_Source information_.
··········
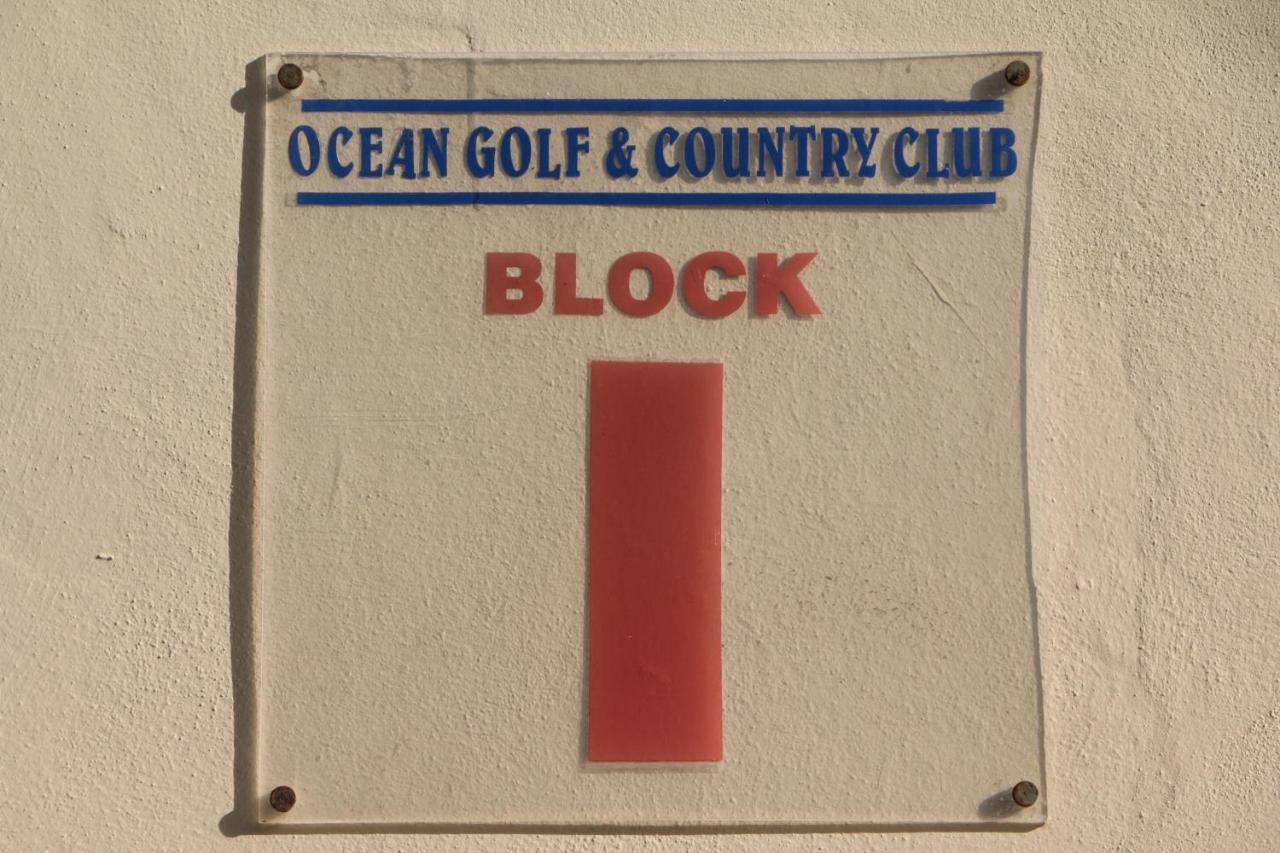 Golf View Apartment - Stunning Ocean View Golf Del Sur سان ميغيل ذي أبونا المظهر الخارجي الصورة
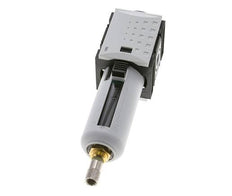 Microfiltro 0.01micrones G1/4'' 350l/min Auto (Cerrado sin presión) Policarbonato Futura 1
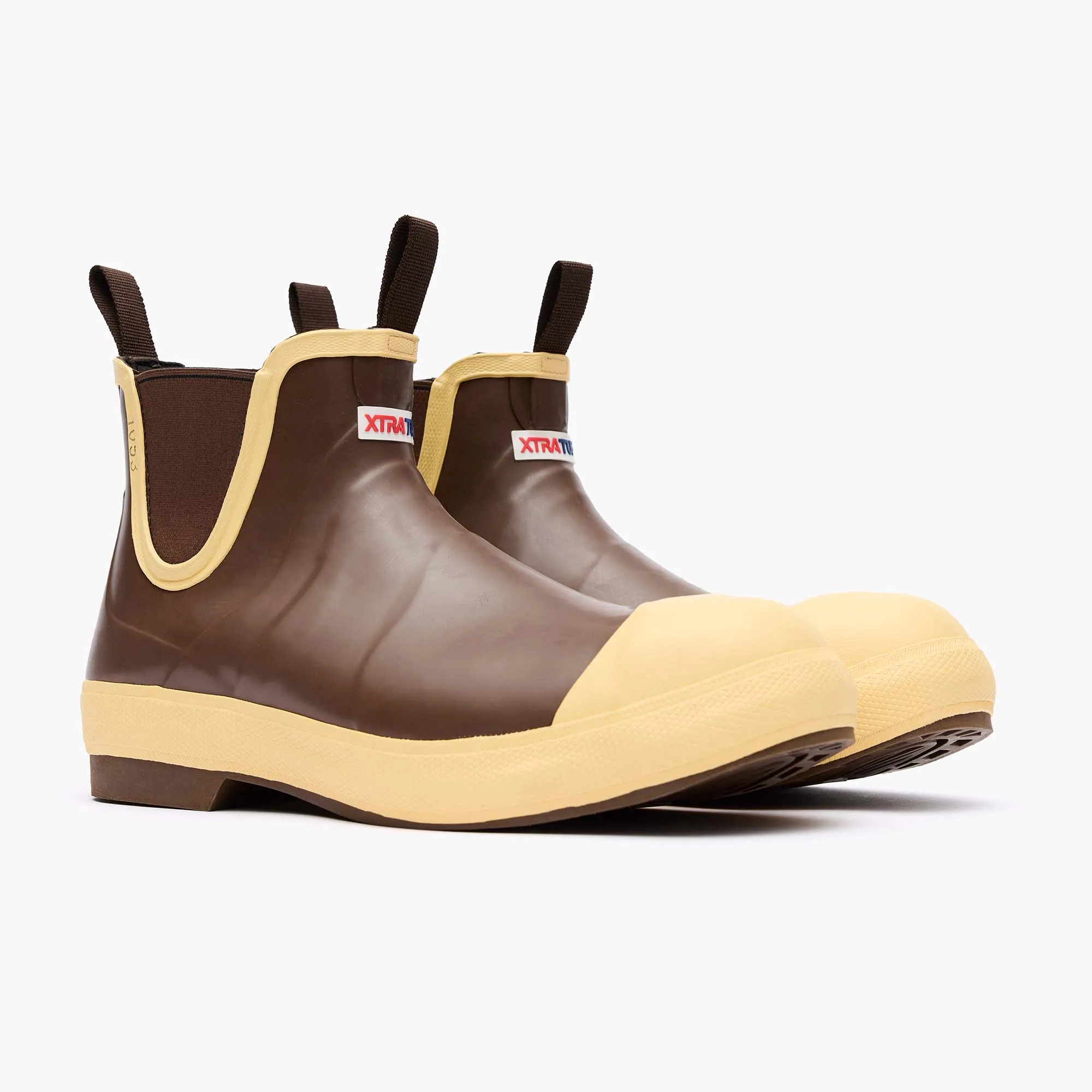 Men's Steel Toe Legacy Ankle Deck Boot sold by XTRATUF product image thumbnail 5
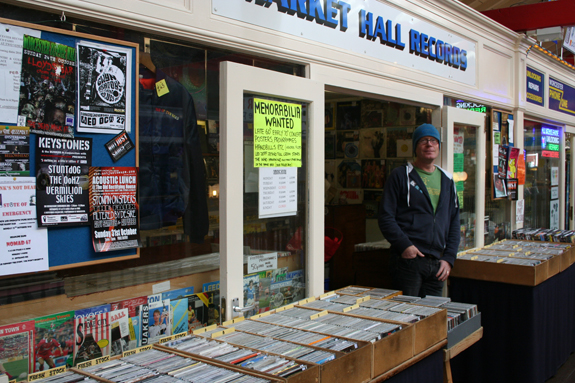 Market Hall Records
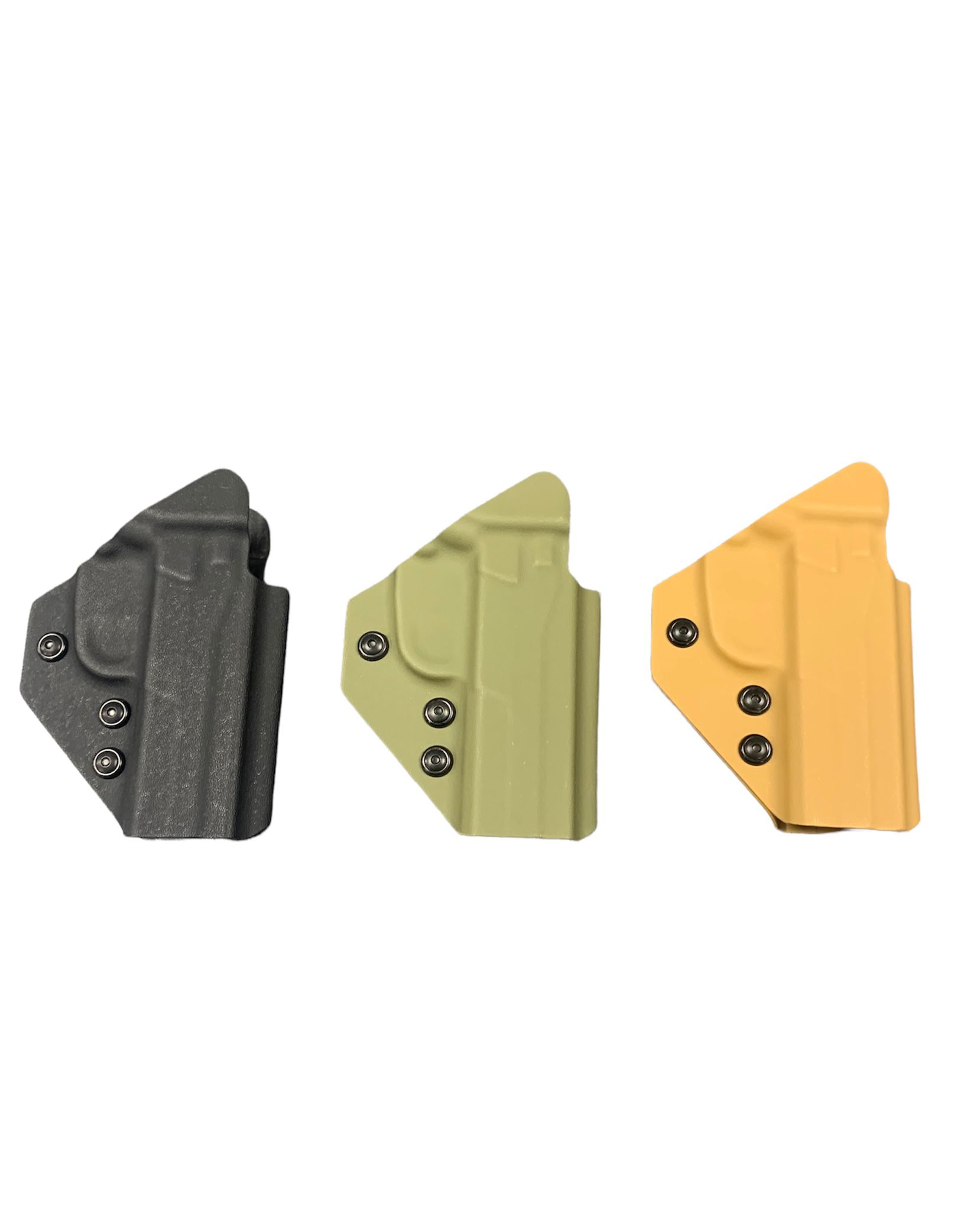 DEADLY CUSTOMS DC1 HOLSTER M&P 9 GREEN -DC1MP9GREEN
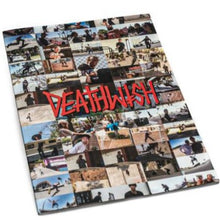 Deathwish Skateboards "Uncrossed" 64 Page Zine Book
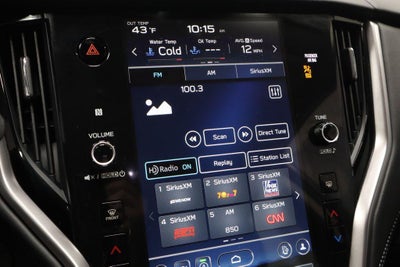 2025 Subaru Legacy Premium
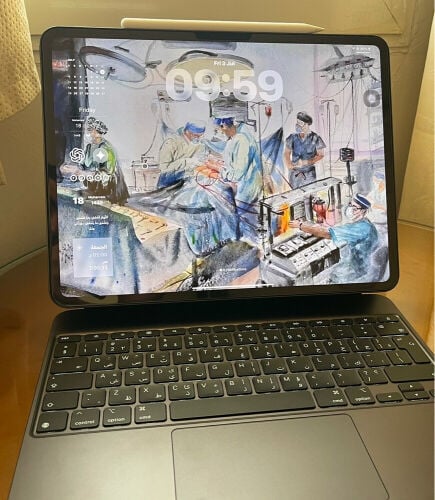 Apple Magic Keyboard for IPAD PRO 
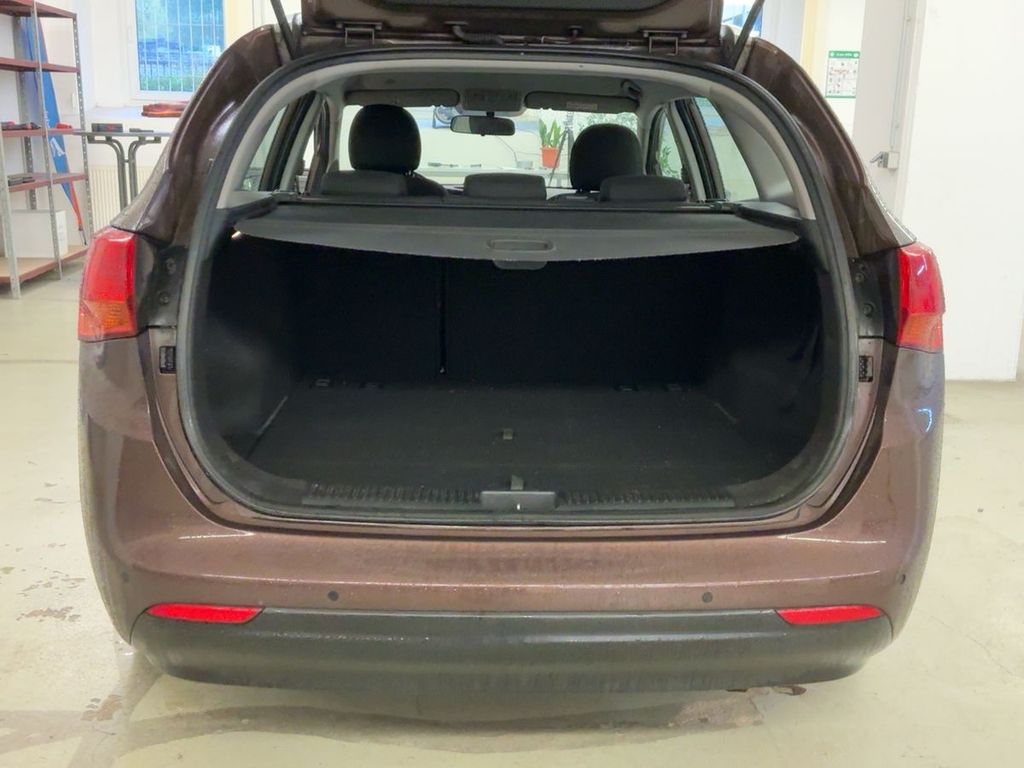 cee'd 1.6 CRDi Edition 7 SHZ PDC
··········
_Directions_.
Copy out the lines exactly as written, beginning with the one that contains "DEADLY CUSTOMS DC1" and ending with the last line of the material; do not include pictures.

_Result of this task_.
 DEADLY CUSTOMS DC1 HOLSTER M&P 9 GREEN -DC1MP9GREEN
 Deathwish Skateboards "Uncrossed" 64 Page Zine Book
 2025 Subaru Legacy Premium
 Apple Magic Keyboard for IPAD PRO 
 cee'd 1.6 CRDi Edition 7 SHZ PDC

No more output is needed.